Captioned web image data:
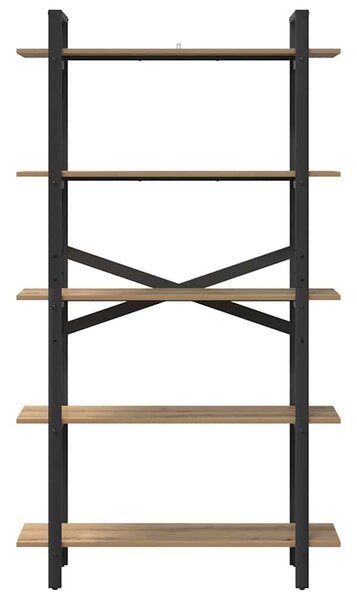 VidaXL Könyvespolc Artisan tölgy 100 x 33,5 x 178 cm Faanyag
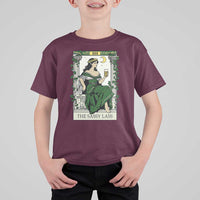 The Sassy Lass Tarot Card T Shirt For Kid Funny St Patrick's Day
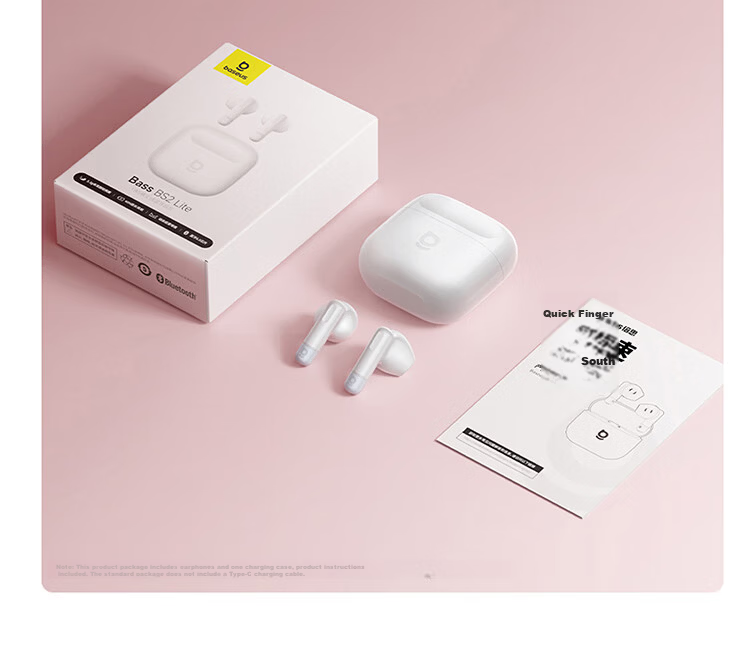 Baseus BS2 Lite Semi-In-Ear True Wireless Earbuds Comfortable Bluetooth Music Sports Earphones Low Latency for Apple Huawei Vivo Honor Phones Gift 35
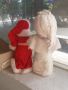 Дядо Мраз и Снежанка комплект български кукли, снимка 3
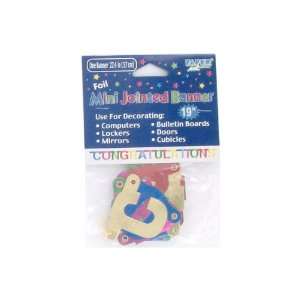   mini congratulations 22.4 inch foild jointed banner 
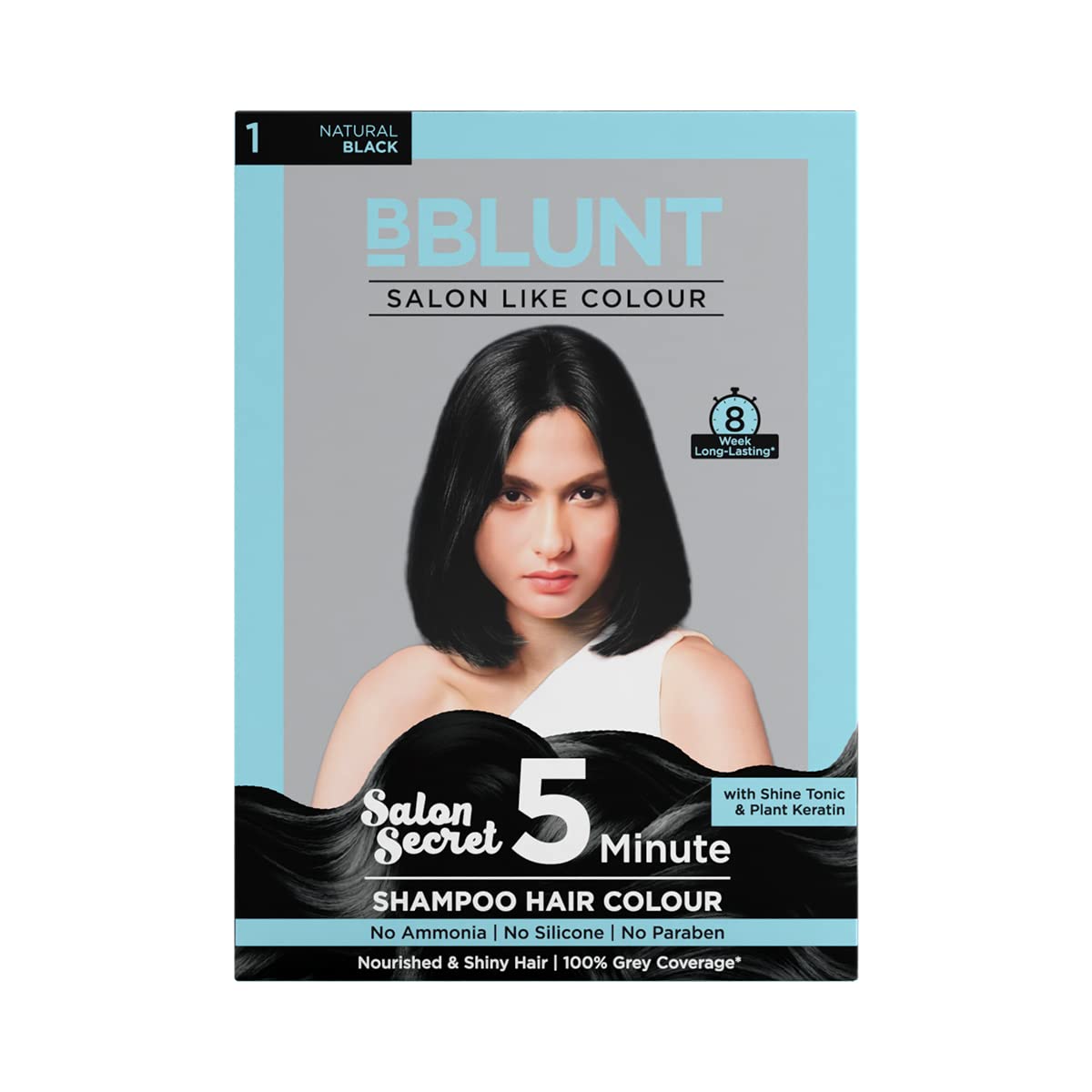 BBlunt Hot Shot Heat Protection Mist 150ml | Natural Black 5 Minute Shampoo Hair Colour 20ml X 5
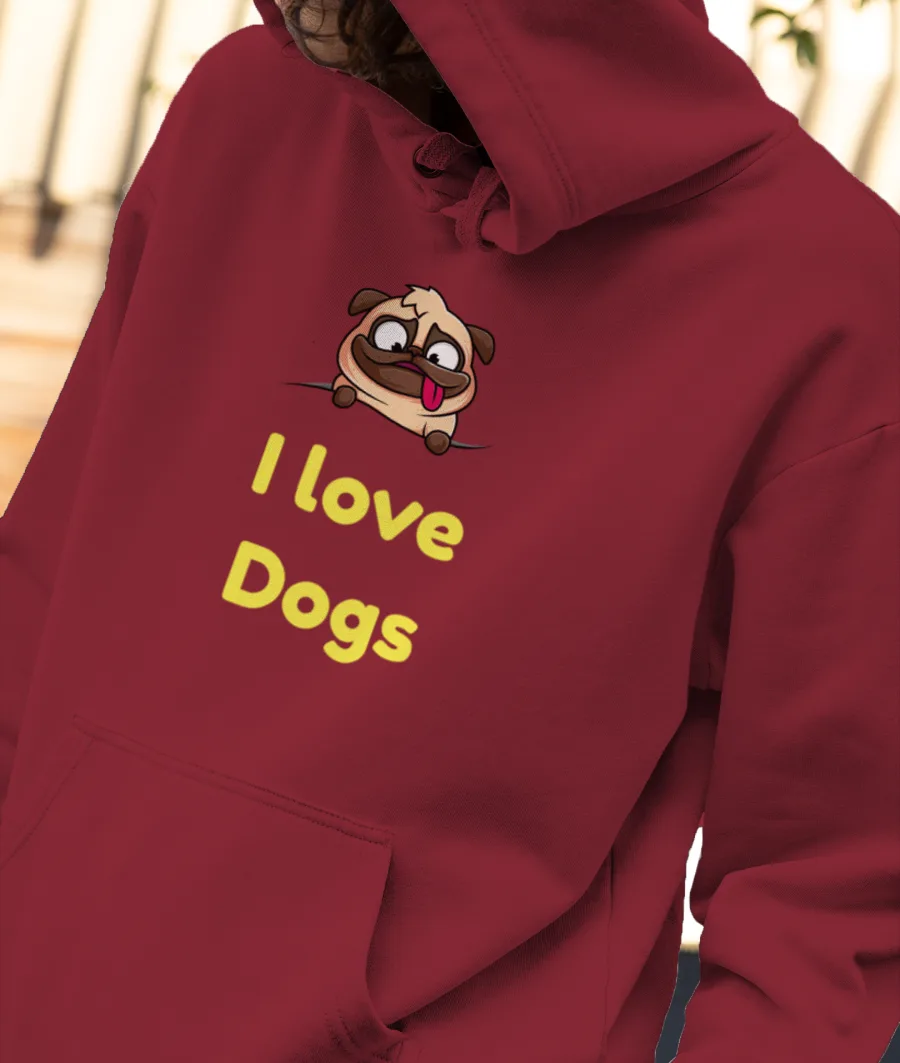 dog lover Front-Printed Hoodie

▸ **Exercise**: Begin at the first line of the entries and end at the line containing "Baseus BS2 Lite": write out each line exactly, skipping pictures.

▸ **Your response**:
 VidaXL Könyvespolc Artisan tölgy 100 x 33,5 x 178 cm Faanyag
 The Sassy Lass Tarot Card T Shirt For Kid Funny St Patrick's Day
 Baseus BS2 Lite Semi-In-Ear True Wireless Earbuds Comfortable Bluetooth Music Sports Earphones Low Latency for Apple Huawei Vivo Honor Phones Gift 35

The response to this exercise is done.